* Work order
Filter out every line below that lacks "Print", and copy the rest.

* Material for this exercise
= = = = = = =

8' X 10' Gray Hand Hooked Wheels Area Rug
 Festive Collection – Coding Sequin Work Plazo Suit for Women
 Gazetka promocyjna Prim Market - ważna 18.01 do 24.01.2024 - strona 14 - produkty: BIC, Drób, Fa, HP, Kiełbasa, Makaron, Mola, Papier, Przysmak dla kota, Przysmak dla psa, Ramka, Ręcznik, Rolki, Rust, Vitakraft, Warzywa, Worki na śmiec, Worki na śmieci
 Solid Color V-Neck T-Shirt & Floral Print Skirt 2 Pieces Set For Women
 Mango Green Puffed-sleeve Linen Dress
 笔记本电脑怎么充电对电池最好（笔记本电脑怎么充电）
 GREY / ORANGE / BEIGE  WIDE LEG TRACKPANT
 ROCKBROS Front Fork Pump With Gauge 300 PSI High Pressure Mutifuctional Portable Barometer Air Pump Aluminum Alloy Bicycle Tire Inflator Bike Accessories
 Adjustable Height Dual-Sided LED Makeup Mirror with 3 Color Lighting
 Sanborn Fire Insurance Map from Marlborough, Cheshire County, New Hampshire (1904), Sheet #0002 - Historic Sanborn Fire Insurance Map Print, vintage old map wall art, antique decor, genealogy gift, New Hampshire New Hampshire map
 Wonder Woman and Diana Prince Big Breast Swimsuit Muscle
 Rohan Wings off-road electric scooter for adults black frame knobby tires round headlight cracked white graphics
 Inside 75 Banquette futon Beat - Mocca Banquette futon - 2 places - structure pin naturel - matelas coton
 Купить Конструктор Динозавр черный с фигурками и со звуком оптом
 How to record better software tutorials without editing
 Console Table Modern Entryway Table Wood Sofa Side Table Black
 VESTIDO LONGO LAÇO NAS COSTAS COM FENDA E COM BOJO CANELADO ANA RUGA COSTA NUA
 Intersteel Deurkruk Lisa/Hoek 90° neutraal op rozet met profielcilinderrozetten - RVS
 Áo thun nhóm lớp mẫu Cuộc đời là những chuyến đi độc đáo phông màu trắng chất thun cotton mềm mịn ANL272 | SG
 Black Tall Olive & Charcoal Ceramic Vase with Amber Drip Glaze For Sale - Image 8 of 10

= = = = = = =

* Exercise answer
 Solid Color V-Neck T-Shirt & Floral Print Skirt 2 Pieces Set For Women
 Sanborn Fire Insurance Map from Marlborough, Cheshire County, New Hampshire (1904), Sheet #0002 - Historic Sanborn Fire Insurance Map Print, vintage old map wall art, antique decor, genealogy gift, New Hampshire New Hampshire map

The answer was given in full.